How to reconnect with your partner using a simple script tool...

Psychosexual therapist Cate Mackenzie explains a communication exercise, pioneered by coach Hedy Schleifer, to build connection, openness and authenticity between disconnected couples

by Psychologies


3 minute read

When one or both partners are not fully present, they are ‘high desire’ or ‘low desire’ in terms of connection. The high desire partner is the octopus and the low desire partner is the turtle – pursuer and distancer. We can all be either.

In therapy, an octopus says: ‘We don’t connect and it’s their fault!’ Turtle will huff: ‘Yes, it’s all me.’ In bridging, partners take turns to work through the script, below. It encourages both to open their hearts and connect, while listening and looking into the other person’s eyes. For some, it may be the first time they’ve allowed themselves to be vulnerable. The speaker is ‘the host’ and the listener is ‘the visitor’.

How to reconnect: a simple but powerful script

Host: I would like to invite you to the neighbourhood of… (This could be any scenario that is causing pain or a block in communication, say, ‘my childhood’.)

Visitor: I hear you say you would like to invite me to the neighbourhood of… (repeats the other person’s words, say, ‘your childhood’). I am with you. Is there more?

Host: I feel…

Visitor (validates): So that makes sense to me… (Validate the other person as much as you can in words.) Now, I am curious: What do you feel about what I just said?

Host: I feel…

Visitor: Can you give me a snapshot of what these feelings remind you of?

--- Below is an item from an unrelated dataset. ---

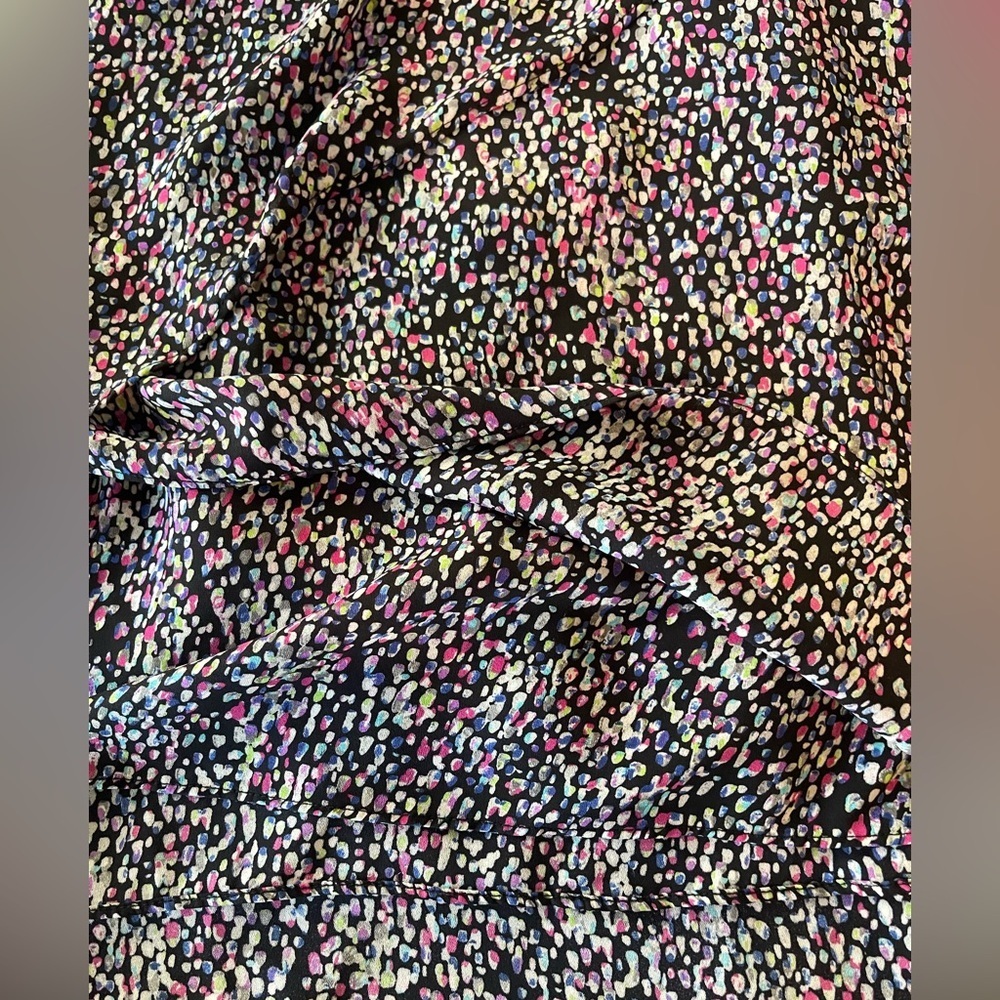🩷🔥NWOT THE LIMITED Women's size XL Top with Colorful Dot Pattern. Like New! - Picture 7 of 10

Host: I see a picture of… (Describes this.)

Visitor (validates): So that makes sense to me… (Validate the other person as much as you can in words.)

Host: States what they would like more of in their life.

  • I would always want…
  • I would never want…

Visitor: Tells a story about the other person by relaying the pieces of information they have just heard.

Visitor and host: Appreciate and thank each other and explain what the space between them feels like now.